— What you are asked to do —
Only the text should come through, so restate the listing exactly and drop its images.

— Raw data —
————

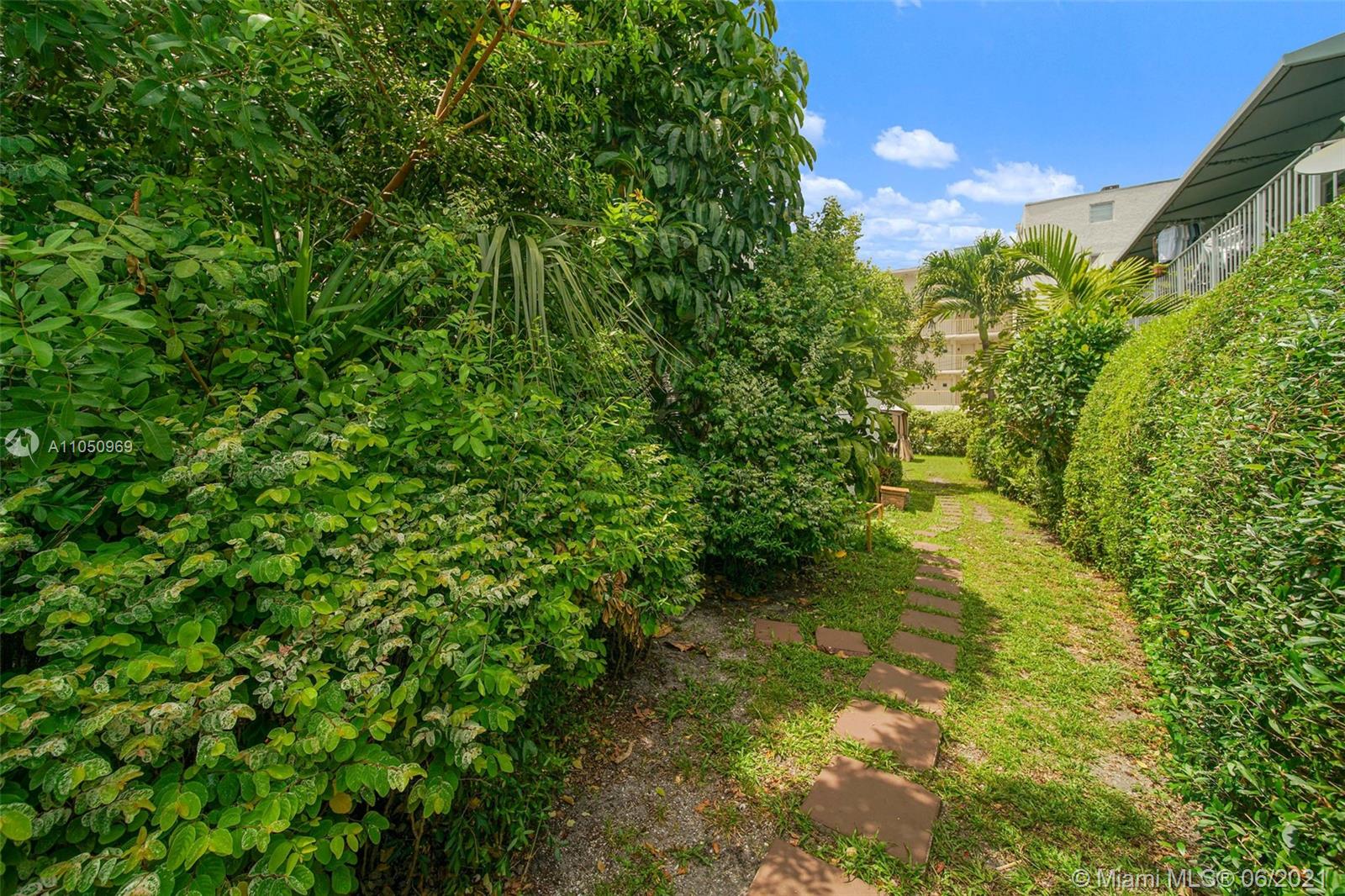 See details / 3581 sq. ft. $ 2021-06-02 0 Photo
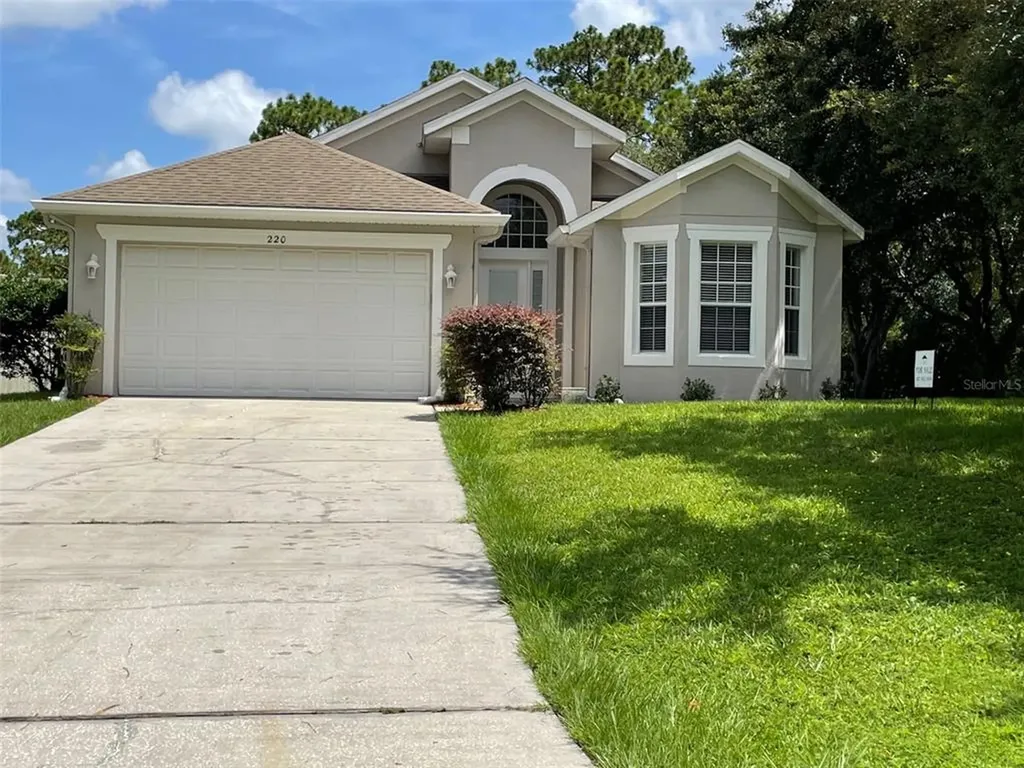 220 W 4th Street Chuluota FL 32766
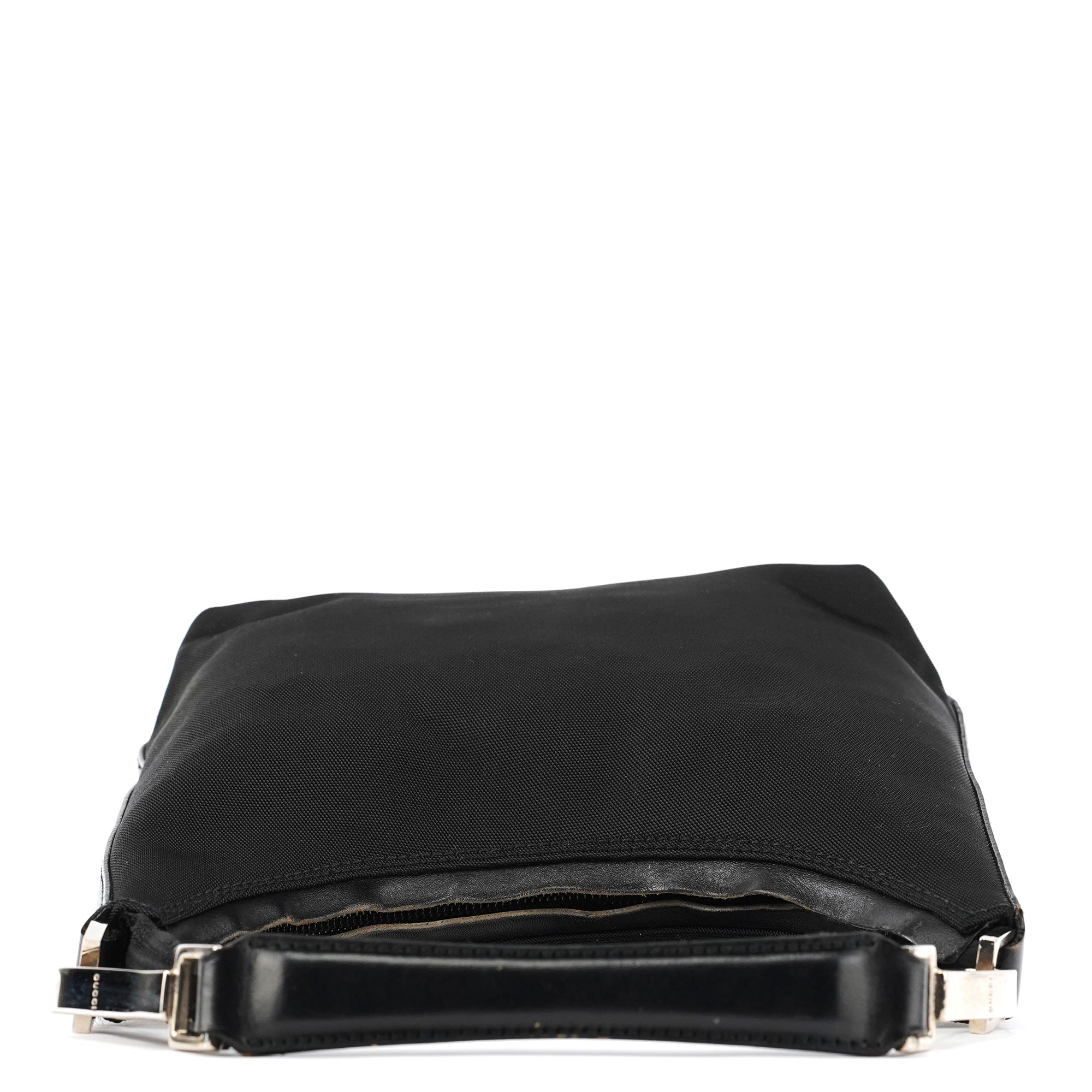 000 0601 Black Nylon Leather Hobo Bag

————

— Response to the exercise —
 See details / 3581 sq. ft. $ 2021-06-02 0 Photo
 220 W 4th Street Chuluota FL 32766
 000 0601 Black Nylon Leather Hobo Bag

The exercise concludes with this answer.